Sécularisme sournois

Lors d’une audience accordée jeudi dernier aux évêques de Slovénie, Benoît XVI a sévèrement condamné la laïcisation ou la sécularisation occidentale : « Le sécularisme qui porte le sceau de l’Occident, différent et sans doute plus sournois que celui du marxisme, présente des signes qui ne peuvent que nous préoccuper. »

Le Pape a réaffirmé que « tous les humanismes ne sont pas égaux et ne sont pas équivalents sur le plan moral » : « Selon la vision de l’homme que l’on adopte, les conséquences sont différentes pour la société. » Et il a déploré qu’en Europe « de nombreux intellectuels ont encore du mal à accepter le fait que raison et foi ont besoin l’une de l’autre pour réaliser leur vraie nature et leur mission ».
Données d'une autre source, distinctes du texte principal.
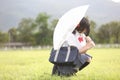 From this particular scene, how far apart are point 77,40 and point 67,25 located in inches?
13.8

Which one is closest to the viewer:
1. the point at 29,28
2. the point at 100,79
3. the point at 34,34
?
the point at 100,79

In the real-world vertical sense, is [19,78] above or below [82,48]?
below

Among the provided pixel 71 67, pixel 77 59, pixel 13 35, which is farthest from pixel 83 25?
pixel 13 35

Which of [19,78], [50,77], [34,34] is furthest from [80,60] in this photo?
[34,34]

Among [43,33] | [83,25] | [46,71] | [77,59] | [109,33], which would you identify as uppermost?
[83,25]

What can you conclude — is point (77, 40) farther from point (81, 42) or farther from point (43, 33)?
point (43, 33)

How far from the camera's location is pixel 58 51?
24.0 ft

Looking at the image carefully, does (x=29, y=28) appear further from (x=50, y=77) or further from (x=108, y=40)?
(x=50, y=77)

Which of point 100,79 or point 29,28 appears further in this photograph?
point 29,28

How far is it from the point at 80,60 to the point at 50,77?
569 millimetres

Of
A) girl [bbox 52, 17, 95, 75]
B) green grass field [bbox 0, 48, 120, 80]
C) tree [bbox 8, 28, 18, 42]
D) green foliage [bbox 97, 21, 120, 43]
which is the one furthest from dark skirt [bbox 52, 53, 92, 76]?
tree [bbox 8, 28, 18, 42]

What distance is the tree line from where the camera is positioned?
8819 cm

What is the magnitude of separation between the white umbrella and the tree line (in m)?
73.1

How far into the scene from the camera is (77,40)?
7520 millimetres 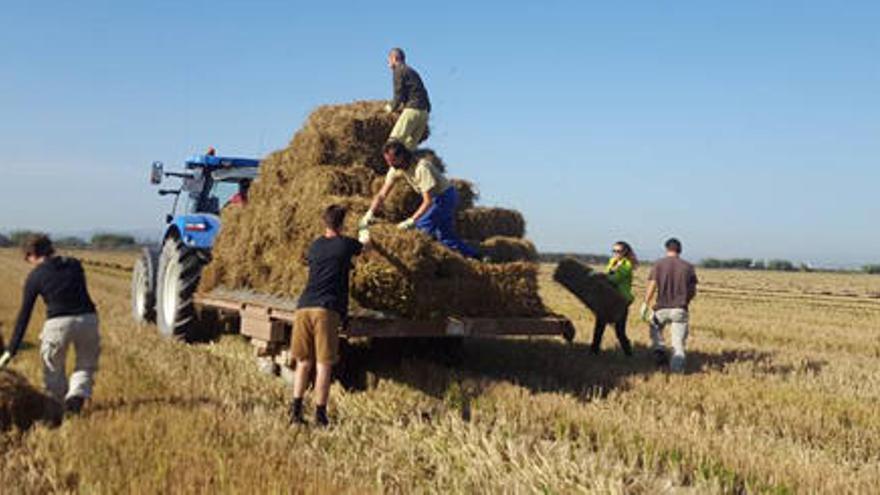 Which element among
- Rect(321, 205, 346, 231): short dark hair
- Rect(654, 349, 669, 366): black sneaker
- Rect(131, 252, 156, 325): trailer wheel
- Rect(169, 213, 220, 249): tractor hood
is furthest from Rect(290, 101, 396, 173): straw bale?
Rect(131, 252, 156, 325): trailer wheel

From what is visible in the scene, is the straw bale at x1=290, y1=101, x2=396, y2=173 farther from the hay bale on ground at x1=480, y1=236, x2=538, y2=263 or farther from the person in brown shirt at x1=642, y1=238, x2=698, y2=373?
the person in brown shirt at x1=642, y1=238, x2=698, y2=373

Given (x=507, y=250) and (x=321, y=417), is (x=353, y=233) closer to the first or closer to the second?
(x=507, y=250)

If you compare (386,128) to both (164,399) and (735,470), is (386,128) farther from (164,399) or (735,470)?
(735,470)

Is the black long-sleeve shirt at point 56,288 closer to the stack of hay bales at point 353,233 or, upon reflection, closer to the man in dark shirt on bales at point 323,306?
the man in dark shirt on bales at point 323,306

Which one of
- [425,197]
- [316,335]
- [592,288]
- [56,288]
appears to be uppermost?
[425,197]

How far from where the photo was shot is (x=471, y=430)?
5348mm

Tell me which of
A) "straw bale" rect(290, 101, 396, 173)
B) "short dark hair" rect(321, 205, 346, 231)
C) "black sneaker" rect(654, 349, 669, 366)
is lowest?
"black sneaker" rect(654, 349, 669, 366)

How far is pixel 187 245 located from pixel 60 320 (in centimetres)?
412

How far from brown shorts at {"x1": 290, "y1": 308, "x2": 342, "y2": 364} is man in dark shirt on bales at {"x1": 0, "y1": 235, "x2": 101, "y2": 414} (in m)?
1.52

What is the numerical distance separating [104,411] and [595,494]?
3.58 meters

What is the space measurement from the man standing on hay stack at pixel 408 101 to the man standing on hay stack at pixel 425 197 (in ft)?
2.41

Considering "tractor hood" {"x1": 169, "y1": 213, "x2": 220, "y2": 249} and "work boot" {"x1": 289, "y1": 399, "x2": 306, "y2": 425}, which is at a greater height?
"tractor hood" {"x1": 169, "y1": 213, "x2": 220, "y2": 249}

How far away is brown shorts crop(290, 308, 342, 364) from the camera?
5.96 meters

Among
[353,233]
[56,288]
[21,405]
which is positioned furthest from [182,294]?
[21,405] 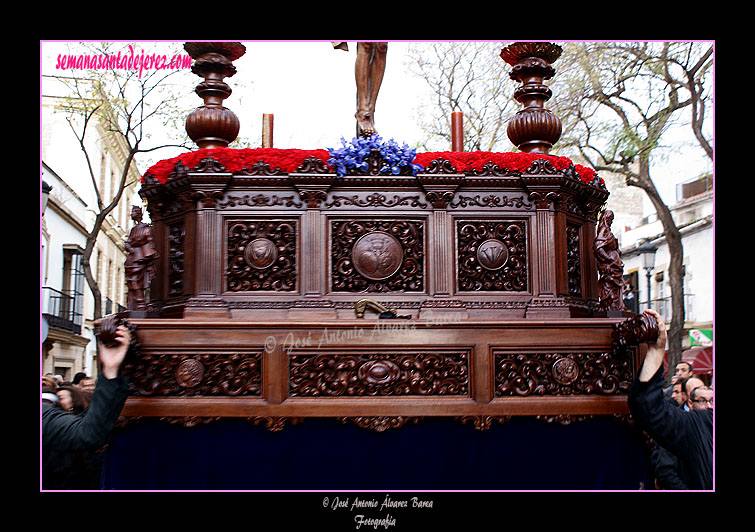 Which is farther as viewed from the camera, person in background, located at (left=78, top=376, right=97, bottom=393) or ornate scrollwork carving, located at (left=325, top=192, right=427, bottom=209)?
person in background, located at (left=78, top=376, right=97, bottom=393)

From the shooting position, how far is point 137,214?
729 cm

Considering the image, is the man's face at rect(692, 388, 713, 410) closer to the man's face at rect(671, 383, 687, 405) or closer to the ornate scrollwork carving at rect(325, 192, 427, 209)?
the man's face at rect(671, 383, 687, 405)

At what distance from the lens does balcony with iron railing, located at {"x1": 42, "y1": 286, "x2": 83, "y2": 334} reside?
23.6 m

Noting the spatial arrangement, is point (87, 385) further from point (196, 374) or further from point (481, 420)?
point (481, 420)

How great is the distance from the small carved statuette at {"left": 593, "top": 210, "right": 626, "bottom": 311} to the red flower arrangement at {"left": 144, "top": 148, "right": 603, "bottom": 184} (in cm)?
74

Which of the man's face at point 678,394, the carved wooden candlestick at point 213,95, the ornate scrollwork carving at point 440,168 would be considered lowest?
the man's face at point 678,394

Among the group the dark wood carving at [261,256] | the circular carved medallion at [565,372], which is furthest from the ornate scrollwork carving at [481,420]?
the dark wood carving at [261,256]

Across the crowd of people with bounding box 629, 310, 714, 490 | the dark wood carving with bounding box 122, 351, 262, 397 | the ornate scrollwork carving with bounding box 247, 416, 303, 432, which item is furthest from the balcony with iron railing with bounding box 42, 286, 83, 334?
the crowd of people with bounding box 629, 310, 714, 490

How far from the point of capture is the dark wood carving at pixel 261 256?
23.3 feet

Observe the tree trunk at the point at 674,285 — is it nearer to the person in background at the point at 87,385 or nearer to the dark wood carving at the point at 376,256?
the dark wood carving at the point at 376,256

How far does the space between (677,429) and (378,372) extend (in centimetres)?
A: 268

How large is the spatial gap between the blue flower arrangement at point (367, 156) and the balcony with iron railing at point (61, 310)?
18.0m

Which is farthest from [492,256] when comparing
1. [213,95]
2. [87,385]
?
[87,385]

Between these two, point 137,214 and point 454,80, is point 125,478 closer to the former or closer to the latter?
point 137,214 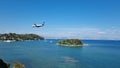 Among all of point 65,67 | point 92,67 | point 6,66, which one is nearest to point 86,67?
point 92,67

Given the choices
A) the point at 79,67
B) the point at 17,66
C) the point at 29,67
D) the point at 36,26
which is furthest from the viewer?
the point at 79,67

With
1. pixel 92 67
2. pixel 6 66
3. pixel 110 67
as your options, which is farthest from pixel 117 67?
pixel 6 66

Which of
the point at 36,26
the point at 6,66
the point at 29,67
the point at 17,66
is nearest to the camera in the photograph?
the point at 36,26

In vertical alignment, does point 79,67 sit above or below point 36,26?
below

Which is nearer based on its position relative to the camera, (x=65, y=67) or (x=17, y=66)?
(x=17, y=66)

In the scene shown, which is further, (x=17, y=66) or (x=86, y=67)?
(x=86, y=67)

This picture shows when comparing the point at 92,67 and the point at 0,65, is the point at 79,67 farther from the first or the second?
the point at 0,65

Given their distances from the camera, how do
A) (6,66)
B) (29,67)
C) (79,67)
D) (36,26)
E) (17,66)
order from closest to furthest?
(36,26)
(17,66)
(6,66)
(29,67)
(79,67)

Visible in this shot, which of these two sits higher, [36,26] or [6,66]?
[36,26]

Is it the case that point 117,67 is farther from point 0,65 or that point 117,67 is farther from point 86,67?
point 0,65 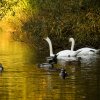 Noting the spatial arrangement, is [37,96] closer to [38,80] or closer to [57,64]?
[38,80]

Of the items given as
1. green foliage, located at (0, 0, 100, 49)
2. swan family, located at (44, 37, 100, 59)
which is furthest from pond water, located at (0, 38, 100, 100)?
green foliage, located at (0, 0, 100, 49)

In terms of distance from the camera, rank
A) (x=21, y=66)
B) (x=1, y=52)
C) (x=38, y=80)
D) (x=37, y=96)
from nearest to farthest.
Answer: (x=37, y=96) < (x=38, y=80) < (x=21, y=66) < (x=1, y=52)

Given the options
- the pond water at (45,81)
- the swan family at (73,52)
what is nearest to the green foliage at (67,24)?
the swan family at (73,52)

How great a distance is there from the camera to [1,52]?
107ft

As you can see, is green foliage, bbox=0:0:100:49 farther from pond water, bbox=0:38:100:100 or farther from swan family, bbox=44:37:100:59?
pond water, bbox=0:38:100:100

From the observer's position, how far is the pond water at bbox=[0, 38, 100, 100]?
1775cm

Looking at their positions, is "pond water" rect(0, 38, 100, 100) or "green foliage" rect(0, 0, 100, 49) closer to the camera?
"pond water" rect(0, 38, 100, 100)

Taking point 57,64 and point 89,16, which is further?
point 89,16

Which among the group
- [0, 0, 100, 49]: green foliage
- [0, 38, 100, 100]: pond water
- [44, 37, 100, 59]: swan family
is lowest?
[0, 38, 100, 100]: pond water

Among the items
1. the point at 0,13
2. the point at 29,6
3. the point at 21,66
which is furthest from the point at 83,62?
the point at 29,6

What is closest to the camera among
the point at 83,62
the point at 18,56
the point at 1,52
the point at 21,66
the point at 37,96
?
the point at 37,96

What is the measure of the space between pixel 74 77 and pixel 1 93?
411cm

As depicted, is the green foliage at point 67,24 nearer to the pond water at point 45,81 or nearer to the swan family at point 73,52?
the swan family at point 73,52

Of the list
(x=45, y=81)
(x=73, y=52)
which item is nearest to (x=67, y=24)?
(x=73, y=52) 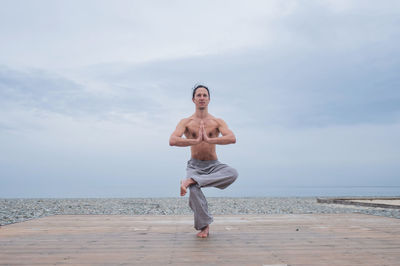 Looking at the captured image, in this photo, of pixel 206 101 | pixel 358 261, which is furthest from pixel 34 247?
pixel 358 261

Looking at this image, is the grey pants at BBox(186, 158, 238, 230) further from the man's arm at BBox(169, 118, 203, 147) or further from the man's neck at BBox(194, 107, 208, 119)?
the man's neck at BBox(194, 107, 208, 119)

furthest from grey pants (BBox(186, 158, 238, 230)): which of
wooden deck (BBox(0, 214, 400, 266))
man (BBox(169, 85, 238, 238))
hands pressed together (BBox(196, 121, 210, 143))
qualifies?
hands pressed together (BBox(196, 121, 210, 143))

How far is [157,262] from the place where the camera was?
10.2 ft

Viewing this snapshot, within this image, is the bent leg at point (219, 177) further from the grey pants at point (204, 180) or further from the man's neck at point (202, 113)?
the man's neck at point (202, 113)

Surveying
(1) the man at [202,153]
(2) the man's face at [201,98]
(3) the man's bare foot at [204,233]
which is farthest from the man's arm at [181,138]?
(3) the man's bare foot at [204,233]

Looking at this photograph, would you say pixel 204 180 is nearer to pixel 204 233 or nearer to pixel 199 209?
pixel 199 209

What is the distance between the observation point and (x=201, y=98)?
16.6 ft

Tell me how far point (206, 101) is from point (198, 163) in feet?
2.93

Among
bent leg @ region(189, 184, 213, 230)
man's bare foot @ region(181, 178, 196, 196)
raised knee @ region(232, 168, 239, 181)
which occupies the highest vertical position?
raised knee @ region(232, 168, 239, 181)

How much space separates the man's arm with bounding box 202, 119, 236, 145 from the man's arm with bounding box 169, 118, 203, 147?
10 cm

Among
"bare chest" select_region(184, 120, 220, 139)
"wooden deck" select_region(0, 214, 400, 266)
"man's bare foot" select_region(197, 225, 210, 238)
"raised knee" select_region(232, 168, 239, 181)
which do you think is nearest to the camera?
"wooden deck" select_region(0, 214, 400, 266)

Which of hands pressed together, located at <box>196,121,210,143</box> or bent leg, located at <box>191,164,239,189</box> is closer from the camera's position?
hands pressed together, located at <box>196,121,210,143</box>

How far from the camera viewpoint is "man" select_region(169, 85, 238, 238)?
4.62 meters

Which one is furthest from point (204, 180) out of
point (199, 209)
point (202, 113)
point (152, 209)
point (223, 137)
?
point (152, 209)
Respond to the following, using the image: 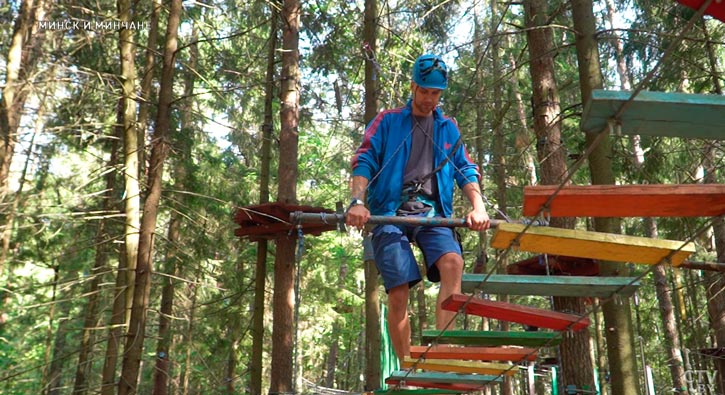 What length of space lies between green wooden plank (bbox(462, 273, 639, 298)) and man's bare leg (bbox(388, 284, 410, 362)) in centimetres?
66

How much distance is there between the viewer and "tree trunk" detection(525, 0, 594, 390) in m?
6.36

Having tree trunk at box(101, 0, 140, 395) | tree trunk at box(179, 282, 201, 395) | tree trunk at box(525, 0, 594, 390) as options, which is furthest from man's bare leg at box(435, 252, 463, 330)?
tree trunk at box(179, 282, 201, 395)

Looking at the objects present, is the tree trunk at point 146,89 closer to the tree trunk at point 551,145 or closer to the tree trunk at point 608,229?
the tree trunk at point 551,145

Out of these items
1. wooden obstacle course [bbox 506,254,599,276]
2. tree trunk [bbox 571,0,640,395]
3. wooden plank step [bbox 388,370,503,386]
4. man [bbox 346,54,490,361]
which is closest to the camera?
man [bbox 346,54,490,361]

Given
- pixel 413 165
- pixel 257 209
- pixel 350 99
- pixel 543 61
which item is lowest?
pixel 413 165

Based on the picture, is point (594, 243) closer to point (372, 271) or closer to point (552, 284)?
point (552, 284)

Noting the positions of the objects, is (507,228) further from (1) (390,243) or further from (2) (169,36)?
(2) (169,36)

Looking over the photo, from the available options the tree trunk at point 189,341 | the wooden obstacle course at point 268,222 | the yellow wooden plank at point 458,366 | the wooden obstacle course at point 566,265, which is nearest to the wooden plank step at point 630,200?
the yellow wooden plank at point 458,366

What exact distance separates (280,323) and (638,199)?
6.01 m

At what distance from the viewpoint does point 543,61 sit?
6500mm

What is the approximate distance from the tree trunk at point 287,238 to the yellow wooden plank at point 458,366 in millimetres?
3383

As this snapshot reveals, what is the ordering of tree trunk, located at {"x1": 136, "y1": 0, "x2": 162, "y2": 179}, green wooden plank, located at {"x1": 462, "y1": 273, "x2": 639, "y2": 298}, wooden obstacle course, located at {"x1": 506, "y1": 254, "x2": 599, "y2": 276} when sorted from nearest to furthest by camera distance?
1. green wooden plank, located at {"x1": 462, "y1": 273, "x2": 639, "y2": 298}
2. wooden obstacle course, located at {"x1": 506, "y1": 254, "x2": 599, "y2": 276}
3. tree trunk, located at {"x1": 136, "y1": 0, "x2": 162, "y2": 179}

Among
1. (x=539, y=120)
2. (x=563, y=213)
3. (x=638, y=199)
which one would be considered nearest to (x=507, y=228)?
(x=563, y=213)

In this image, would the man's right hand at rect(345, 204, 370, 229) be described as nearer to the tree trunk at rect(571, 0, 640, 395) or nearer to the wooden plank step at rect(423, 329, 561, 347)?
the wooden plank step at rect(423, 329, 561, 347) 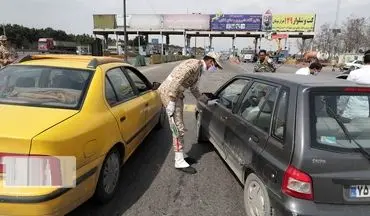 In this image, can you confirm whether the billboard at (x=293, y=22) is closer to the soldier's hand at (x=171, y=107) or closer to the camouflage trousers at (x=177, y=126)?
the camouflage trousers at (x=177, y=126)

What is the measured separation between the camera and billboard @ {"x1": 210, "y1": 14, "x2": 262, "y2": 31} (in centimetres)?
8669

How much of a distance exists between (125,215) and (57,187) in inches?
40.1

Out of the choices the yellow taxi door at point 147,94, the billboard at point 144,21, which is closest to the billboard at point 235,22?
the billboard at point 144,21

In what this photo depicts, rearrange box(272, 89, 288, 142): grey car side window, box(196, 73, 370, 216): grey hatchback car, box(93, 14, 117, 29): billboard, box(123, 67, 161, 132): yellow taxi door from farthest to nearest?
box(93, 14, 117, 29): billboard
box(123, 67, 161, 132): yellow taxi door
box(272, 89, 288, 142): grey car side window
box(196, 73, 370, 216): grey hatchback car

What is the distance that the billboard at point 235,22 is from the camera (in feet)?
284

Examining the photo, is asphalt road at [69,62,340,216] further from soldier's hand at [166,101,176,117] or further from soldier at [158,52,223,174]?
soldier's hand at [166,101,176,117]

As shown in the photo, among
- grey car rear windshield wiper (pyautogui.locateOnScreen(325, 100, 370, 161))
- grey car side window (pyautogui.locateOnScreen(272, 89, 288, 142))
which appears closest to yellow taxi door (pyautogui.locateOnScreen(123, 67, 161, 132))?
grey car side window (pyautogui.locateOnScreen(272, 89, 288, 142))

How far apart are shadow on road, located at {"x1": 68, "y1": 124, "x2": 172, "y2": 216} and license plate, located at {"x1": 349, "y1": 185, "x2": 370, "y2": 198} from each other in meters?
2.25

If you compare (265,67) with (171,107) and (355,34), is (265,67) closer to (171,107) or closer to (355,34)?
(171,107)

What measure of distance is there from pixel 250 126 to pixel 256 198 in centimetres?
77

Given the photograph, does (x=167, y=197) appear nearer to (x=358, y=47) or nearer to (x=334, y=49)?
(x=358, y=47)

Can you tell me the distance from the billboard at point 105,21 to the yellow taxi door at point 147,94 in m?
90.0

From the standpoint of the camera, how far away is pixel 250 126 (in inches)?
157

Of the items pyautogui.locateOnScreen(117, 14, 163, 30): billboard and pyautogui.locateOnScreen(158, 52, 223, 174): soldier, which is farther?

Le jour même, dans une tribune du Monde, un intellectuel de gauche précisément, Régis Debray ..., se faisait l’avocat subtil de ce sécularisme sournois contre le néocléricalisme présumé de Sarkozy et plus subrepticement contre le discours récurrent du souverain pontife : « Une République laïque n’a pas à promouvoir une quelconque Vérité, révélée ou “scientifique”. »

Comprenez : par religion démocratique, la République laïque n’a pas à promouvoir la vérité – même « scientifique » ! – notamment dans les domaines éthiques et sociaux. Elle n’a pas à choisir entre les religions et les humanismes, puisqu’elle fait primer religieusement la liberté sur la vérité, renversant en somme le principe évangélique : ce n’est pas la vérité qui rend libre, c’est la liberté qui donne la vérité ! On reconnaît dans cette inversion la marque du père du mensonge (Jn 8, 44). C’est le propre du culte de l’homme, qui construit ainsi sa vérité libérale selon un arbitraire collectif, quitte à y assumer une certaine « transcendance » (comme chez Régis Debray ou Luc Ferry) et même un certain culte de Dieu, selon certaines règles relatives à ce primat de l’autonomie humaine. En l’occurrence celles de la laïcité positive où raison et foi sont dévoyées de leur vraie nature et de leur mission sous l’apparence d’une fausse coopération (mise ostensiblement en avant par Sarkozy) ! C’est aussi un aspect de ce que Jean-Paul II appelait le totalitarisme sournois de la démocratie moderne…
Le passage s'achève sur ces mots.